On the foreign policy note, Foreign Minister Mohammad Javad Zarif defended the nuclear deal and the Foreign Ministry’s conduct before Parliament on October 2. Zarif “angrily” denied an accusation from hardline parliamentarian Javad Karimi Ghodousi that “pressure from foreigners” prompted the Foreign Ministry to remove Hossein Amir Abdollahian from his post as deputy foreign minister for Arab and African Affairs in June 2016. Iranian news outlet Alef wrote that Ghodousi “tried to bring back the atmosphere of the [conservative-dominated] previous Parliament, but the majority of parliamentarians did not back him” during the October 2 session. Hardline politicians have repeatedly criticized the Rouhani administration for removing Abdollahian from the post and have suggested that the decision was intended as an overture to Saudi Arabia.

The head of Iran’s Passive Defense Organization (PDO) called Saudi Arabia Iran’s “main threat.” PDO Head IRGC Brigadier General Gholam Reza Jalali accused “inexperienced Saudi leaders” of adopting “offensive strategies against Iran.” He specified that the two countries are competing in “military, economic, and cyber fields.” Iranian officials have increasingly prioritized the improvement of Iran’s cyber capabilities over the past several years.
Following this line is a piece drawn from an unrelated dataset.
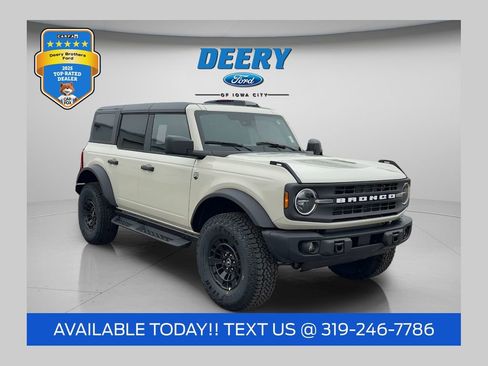 New 2026 Ford Bronco Big Bend w/ Black Diamond Package AWD/4WD image 1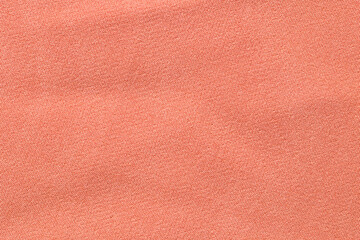 Fototapeta premium Orage Color fabric Texture as background.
Saudi Arabia, meanwhile, held live-fire drills on October 4 in the Persian Gulf in a move likely to inflame tensions between the two countries.

In the meantime, the IRGC Navy issued a statement warning Saudi Arabia that Iran “will not tolerate any provocative movement” of Saudi vessels in the Persian Gulf. Saudi Arabia began naval wargames in the Persian Gulf on October 4. The IRGC’s statement accuses Saudi Arabia of “undermining security” and “escalating tensions” in the Persian Gulf, where Iran has repeatedly asserted itself as the guarantor of security. The statement is the latest iteration in tension between the two countries.
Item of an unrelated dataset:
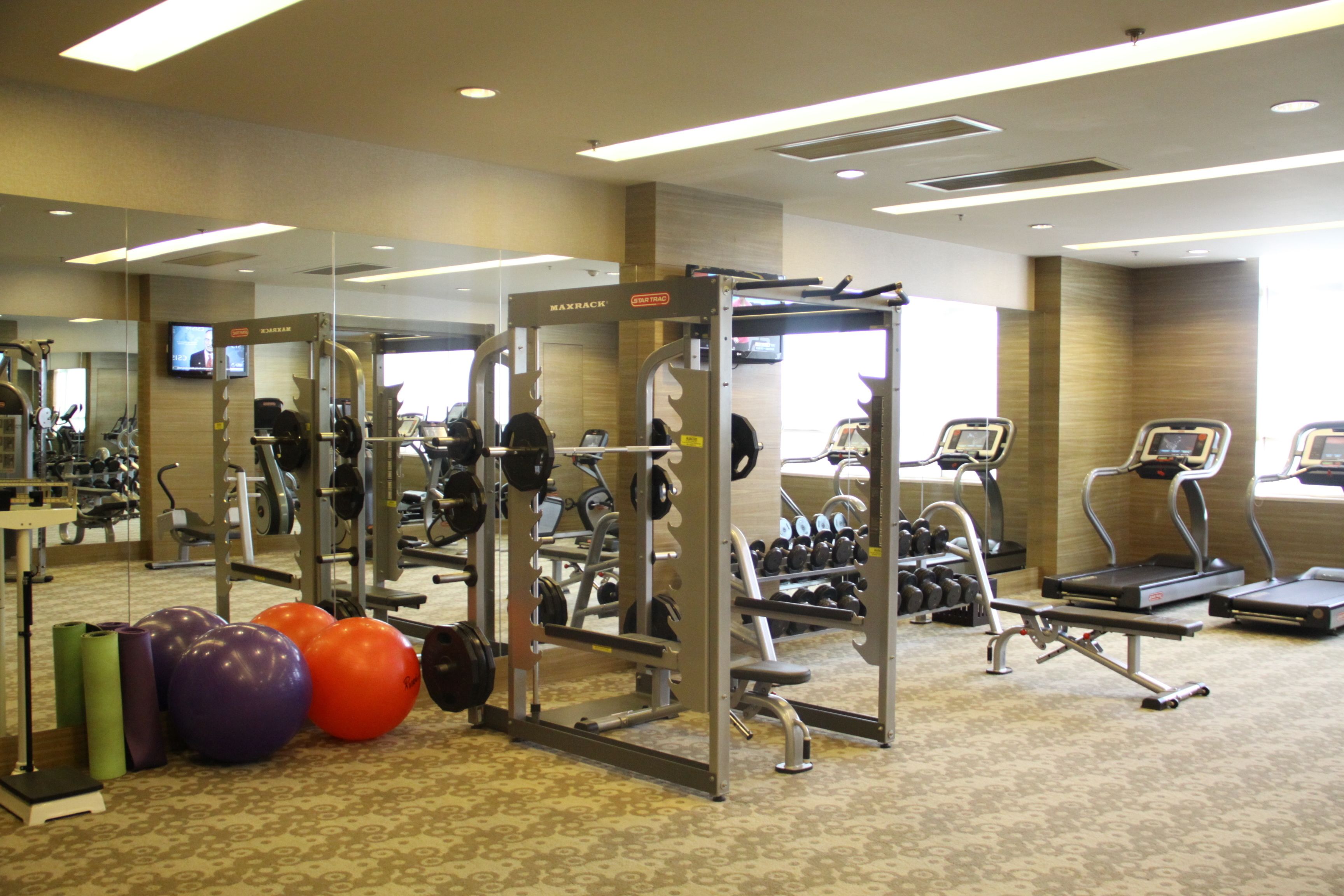 fitness facility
IRGC Quds Force Commander Qassem Soleimani praised Iran’s role in Syria as defending the region from ISIS and criticized Saudi Arabia’s deputy crown prince for downplaying the threat of terrorism. IRGC Major General Soleimani spoke at a mourning ceremony for an Iranian brigadier general killed in Syria last year. He stated, “We are not just defending Syria. We are defending Islam and the Islamic Republic... If we had not faced these groups in Syria, all of these regions would be fighting ISIS.” He also claimed that Mohammad bin Salman al Saud, the deputy crown prince of Saudi Arabia, is “hotheaded” and considers the Iran-Syria relationship to be more dangerous than ISIS. Soleimani has become increasingly vocal on political issues over the summer but recently indicated that he will not run for office.

Senior Foreign Policy Advisor to the Supreme Leader Ali Akbar Velayati reiterated Iran’s support for Syrian President Bashar al Assad and its opposition to any partition of Syria or Iraq. Velayati praised Iranian support for the Assad regime during a meeting with Syrian “economic activists” in Tehran, stating, “We do not see another example in the region of two governments being so committed to each other.” Velayati asserted that the Syrian government will be “victorious in the battle over the fate of Aleppo” and criticized the U.S. for seeking “the partition of Syria and Iraq.” Other senior Iranian officials have similarly voiced Iran’s opposition to political solutions that involve partitioning the states.

In the stock market, the TSE All-Share Index, recorded a negative return at the end of the week, closing at 77,183, recording a weekly drop of 0.2%. In the FOREX market, the US dollar continued its slight increase versus the Iranian rial by 0.25% to close at IRR 35,920.